Lin appropriately calls his movie “a love letter to creativity.”

But at first glance, “The Lego Movie” appears like a crass marketing ploy. It looked that way to Lin and friends and family he told about the project early on, too.

“People were like, ‘Ugh, The Lego Movie!?’” he recalled. “’We know exactly what it’s going to be. It’s going to be a cash grab. It’s going to be an advertisement for the toy.’”

For Lin, the vision for the film as something more than that began as he watched his five-year-old son play with a Lego set.

“I realized that here was a much bigger story going on in his mind than there was in front of him,” Lin explained. “So, for example, when he put two Lego bricks together and was running around the room with it like it was airplane, I realized ‘Wow, in my mind it just looks like two bricks in a cross-type shape, but in his mind there’s a much grander adventure going on.”

That became the creative ground on which the story was built.
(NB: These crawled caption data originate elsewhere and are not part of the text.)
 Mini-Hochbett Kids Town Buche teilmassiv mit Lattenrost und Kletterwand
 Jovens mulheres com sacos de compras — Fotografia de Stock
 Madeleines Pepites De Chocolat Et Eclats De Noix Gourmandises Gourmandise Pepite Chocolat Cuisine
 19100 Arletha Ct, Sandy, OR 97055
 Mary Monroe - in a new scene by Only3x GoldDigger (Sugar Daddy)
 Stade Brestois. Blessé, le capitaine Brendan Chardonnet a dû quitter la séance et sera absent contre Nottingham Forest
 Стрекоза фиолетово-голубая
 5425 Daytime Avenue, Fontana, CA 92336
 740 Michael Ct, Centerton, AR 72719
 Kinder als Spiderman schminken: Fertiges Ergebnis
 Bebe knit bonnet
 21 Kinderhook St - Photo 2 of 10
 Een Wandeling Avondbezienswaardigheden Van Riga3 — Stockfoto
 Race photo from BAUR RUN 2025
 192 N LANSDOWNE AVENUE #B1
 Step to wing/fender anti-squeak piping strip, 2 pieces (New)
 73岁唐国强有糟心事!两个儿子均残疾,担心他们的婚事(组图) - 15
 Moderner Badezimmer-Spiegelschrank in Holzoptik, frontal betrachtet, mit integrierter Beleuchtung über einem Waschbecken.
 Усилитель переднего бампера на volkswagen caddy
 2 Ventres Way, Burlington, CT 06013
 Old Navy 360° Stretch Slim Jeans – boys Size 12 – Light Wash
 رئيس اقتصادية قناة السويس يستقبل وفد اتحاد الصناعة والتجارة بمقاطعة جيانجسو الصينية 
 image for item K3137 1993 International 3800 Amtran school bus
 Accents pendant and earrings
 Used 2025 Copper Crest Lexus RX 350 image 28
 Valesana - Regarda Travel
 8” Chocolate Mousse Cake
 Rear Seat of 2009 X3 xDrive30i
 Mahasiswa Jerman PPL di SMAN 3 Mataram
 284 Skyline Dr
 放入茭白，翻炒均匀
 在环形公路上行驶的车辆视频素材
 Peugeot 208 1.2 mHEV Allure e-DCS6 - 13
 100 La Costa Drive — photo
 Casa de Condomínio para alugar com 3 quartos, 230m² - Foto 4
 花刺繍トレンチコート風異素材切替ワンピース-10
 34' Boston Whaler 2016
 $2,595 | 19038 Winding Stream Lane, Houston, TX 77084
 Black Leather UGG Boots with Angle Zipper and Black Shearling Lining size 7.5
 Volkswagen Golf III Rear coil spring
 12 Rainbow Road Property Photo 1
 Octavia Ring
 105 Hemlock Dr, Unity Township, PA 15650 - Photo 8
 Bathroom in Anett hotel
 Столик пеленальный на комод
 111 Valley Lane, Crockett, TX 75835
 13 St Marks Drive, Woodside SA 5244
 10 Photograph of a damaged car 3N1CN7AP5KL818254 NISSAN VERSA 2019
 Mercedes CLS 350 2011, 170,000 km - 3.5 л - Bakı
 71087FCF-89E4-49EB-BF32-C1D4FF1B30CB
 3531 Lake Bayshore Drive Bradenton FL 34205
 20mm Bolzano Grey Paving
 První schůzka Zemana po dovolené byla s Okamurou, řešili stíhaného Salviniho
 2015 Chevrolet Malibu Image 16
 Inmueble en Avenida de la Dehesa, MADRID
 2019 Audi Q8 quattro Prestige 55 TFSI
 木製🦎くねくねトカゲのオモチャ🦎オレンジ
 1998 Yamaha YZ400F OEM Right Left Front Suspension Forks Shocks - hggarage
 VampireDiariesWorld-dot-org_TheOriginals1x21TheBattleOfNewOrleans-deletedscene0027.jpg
The story’s logic is like a child’s, swerving whimsically through a “chosen one” plotline, following Emmit (Chris Pratt) as he tries to save the day. Its aesthetic became that of an actual Lego set, with Frankensteinian creations like the pirate Metal Beard (Nick Offerman) who has a shark for an arm.

I’m sure I wasn’t the only viewer to feel a frisson of giddy recognition when I saw mid-way through “The Lego Movie” that a staff wielded by the wizard Vitruvius (voiced by Morgan Freeman) was actually a chewed-up lollipop stick.

“We wanted it to look like a Lego play set that’s been played with and loved,” explained Lin. “And we wanted the Lego to look like real Lego moves – the arms and the legs and even when Emmit does jumping jacks, that’s true to form for Lego figures. … This is a child’s fantasy come to life.”